7) If both sides of the gun divide address this issue as allies instead of as adversaries, we stand a much better chance of making the kind of progress that people on both sides of this issue say they want — a safer society.
8) At this point, there is profound mistrust between gun rights advocates and gun responsibility advocates. Surveys suggest that the majority of gun rights advocates actually support background checks in theory, yet the lack of trust prevents them from saying so publicly — or cooperating to make it a reality.
9) Nonetheless, we believe that a single, nationwide background check with no exceptions (i.e. universal) is inevitable, despite the political obstacles that currently prevent it, because the vast majority of Americans favor it.
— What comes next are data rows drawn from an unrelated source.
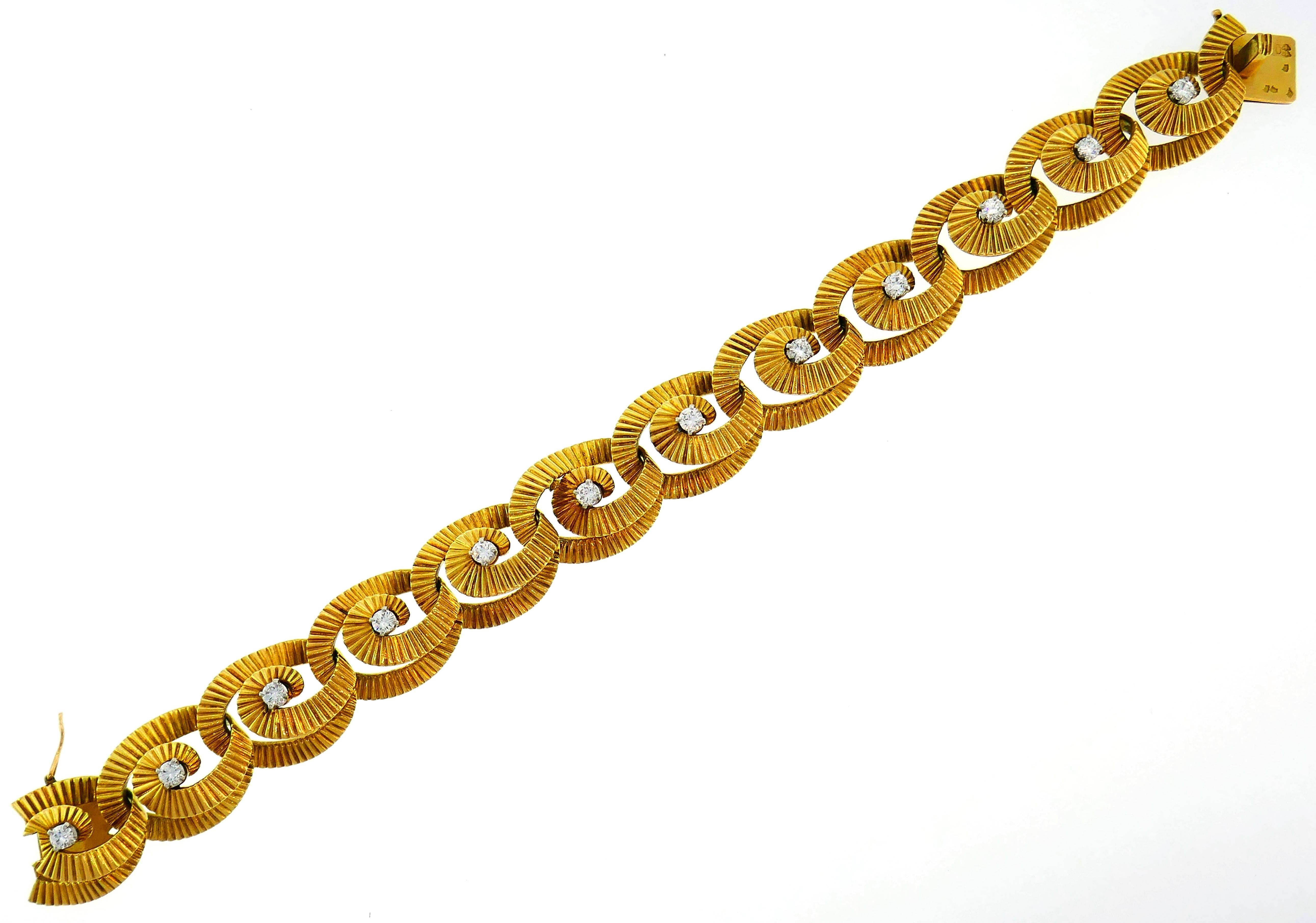 Diamond Yellow Gold Link Bracelet by Regner, French In Good Condition In Beverly Hills, CA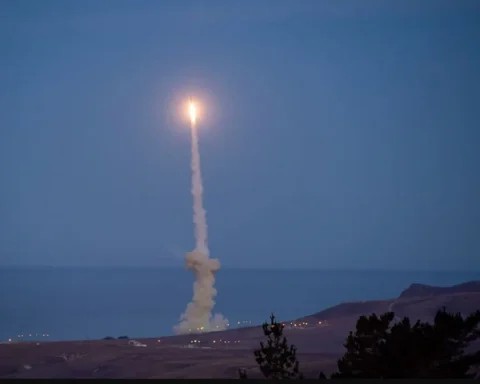 Middle East missile defense interceptor trail visible above Gulf city skyline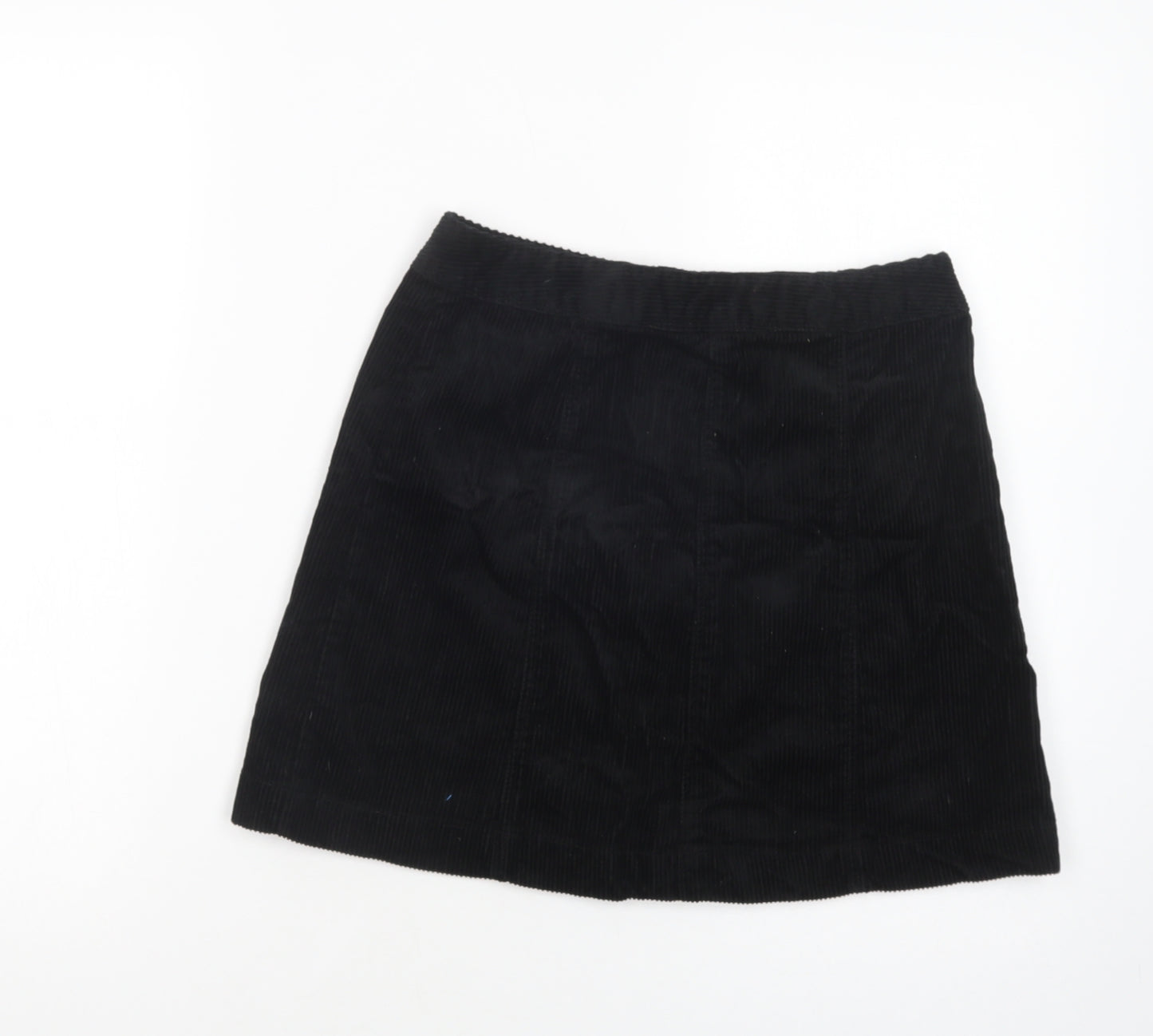 H&M Womens Black  Cotton Mini Skirt Size 8   Button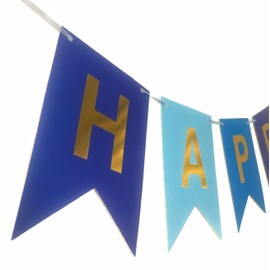 Happy Birthday Banner Blue Bunting Birthday Decorations for Men Boys Women Girls Birthday Sign with Shimmering Gold Foil Letters Party Supplies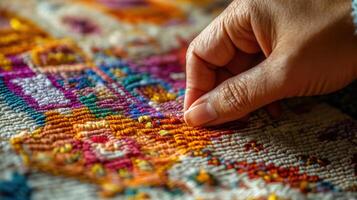 Close-up view of a hand meticulously working on vibrant textile art. photo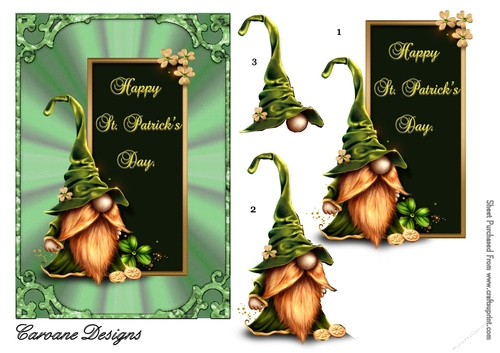 My Hats Too Big - A5 card front with decoupage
10) We believe communities like Oak Park should set an example for the rest of the country — and especially for our elected representatives — by making a strong, clear, public statement in support of something that is obviously needed and would not infringe upon the right of law-abiding, responsible adults to keep and bear arms.
To that end, we have put the following advisory referendum on the Nov. 4 ballot:
Shall the federal government enact legislation requiring universal background checks of criminal and mental health history records for all transfers of ownership or possession of firearms, including transfers which occur at gun shows, over the Internet and privately, as a step toward preventing the ownership or possession of firearms by criminals and those with serious mental illnesses, and as a step toward preventing illegal gun trafficking altogether?
There are other advisory referenda on the ballot. One is related to gun regulation but applies to all Cook County voters. Our referendum is limited to Oak Park. This is our chance to make a unified statement as a community. We hope other communities will follow our lead.
Please join us. Do it for everyone in this community and this country whose life has been altered by gun violence. Do it for those whose lives could still be altered by gun violence — in other words, for all of us.
Strong, clear statements have a way of turning into movements.
With your help, maybe we can start one here.